Rossmiller, an attorney at Dunn Carney in Portland, Ore., started his blog for the purpose of opining on court issues involving insurance companies. When Katrina litigation heated up, his focus shifted primarily toward it.
When Scruggs, who partnered with other firms to create the Scruggs Law Firm, was indicted, it was only natural that he follow it — “Scruggs Nation,” he titled his posts.
“The interest is sky-high,” said Rossmiller, who noted that his blog’s traffic multiplied seven-to-eight times after the indictment.
Rossmiller, a former newspaper reporter in Phoenix, even found himself in the middle of things for a few days.
He had remarked on allegations made by State Farm that Courtney Schloemer, the head of Hood’s Insurance Fraud Unit, had consulted with the SKG in an effort to team up on the company.
Schloemer took the time to write Legal Newsline, asking that her message be sent to Rossmiller.
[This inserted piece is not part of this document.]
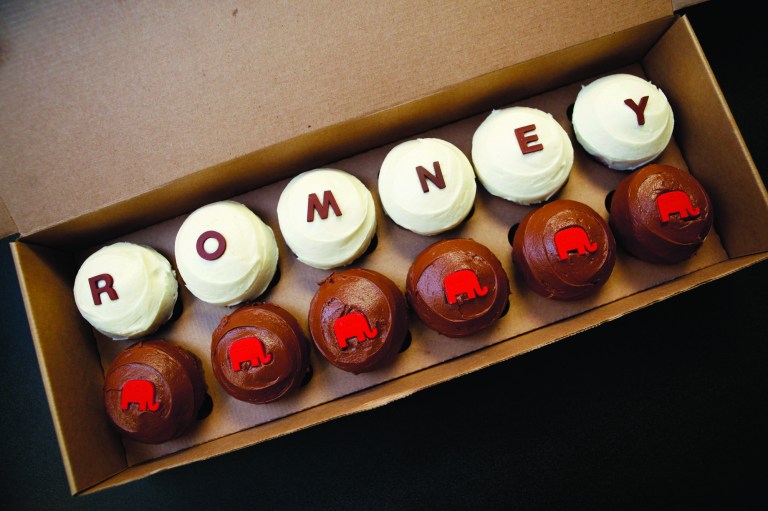 Sprinkles Cupcakes has Romney themed cupcakes for the upcoming election cycle. Graeme Jennings/Washington Examiner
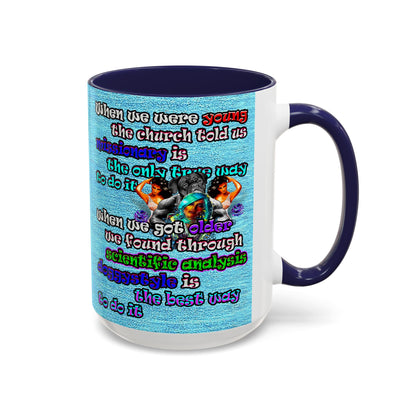 doggystyle - Accent Mug (faded blue)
Her e-mail can be found here.
The blog world may yet have an impact on the outcome of the case. Scruggs’ defense team said the coverage has potentially influenced the jury pool and wants the case moved to a federal court outside of Mississippi.
Scruggs made his fortune in litigation against asbestos companies and by representing several states in their case against tobacco companies. His work helped lead to 1998′s Tobacco Master Settlement Agreement, which has an estimated worth of $246 billion to the 52 participating states and territories.
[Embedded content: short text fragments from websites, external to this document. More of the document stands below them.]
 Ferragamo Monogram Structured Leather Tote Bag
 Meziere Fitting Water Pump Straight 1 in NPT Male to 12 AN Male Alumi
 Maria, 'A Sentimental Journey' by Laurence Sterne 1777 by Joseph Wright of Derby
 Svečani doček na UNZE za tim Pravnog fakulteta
“The print media blitz has been supplemented by Mississippi-based web logs (blogs) that report, in excruciating detail, every event in the prosecution and defense of the Scruggs criminal case, the criminal contempt case against Scruggs in Alabama, the recently dismissed State Farm case against Attorney General Hood and the various cases in which State Farm has sought Scruggs’s testimony,” wrote Scruggs’ attorney, John Keker of San Francisco.
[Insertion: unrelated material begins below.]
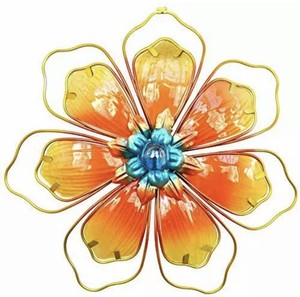 Giftme 5 Metal Stained Glass Floral Wall Art Decor Livingroom Bathroom Bedroo Ebay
“The stories at times border on the ridiculous. Articles and blog postings have detailed the Scruggs family’s annual Christmas party; the flight of Scruggs’s private plane to Dallas for a maintenance visit; and the efforts of Joey Langston to sell his ski house at Telluride.”
To Lange, it’s all proof that his site is having its intended effect — dispersing as much information as possible.
“It’s very obvious to me that lawyers on both sides of the Scruggs criminal case are watching,” Lange said. “Obviously, the blog coverage has been mentioned in various court pleadings. However, we are also seeing little signs such as some court filings being scanned instead of electronically converted so that those PDF files are not text-searchable.
“They are now keenly aware of what happens to their work product once it gets in the public domain.”
And the public demands even the most intimate details of the case.
“There’s an old saying that Mississippi is a club, not a state,” Lange said. “Mississippi is so small that just about everyone in the state has had some personal interaction with at least one of the players in this tragedy, so it’s compelling on an individual level.
“It also involves a fall from grace of people who were well-known and larger than life. Dickie Scruggs, Jim Hood, Joey Langston, (former Attorney General) Mike Moore and Steve Patterson are all househould names in Mississippi and all are intimately involved in this story.”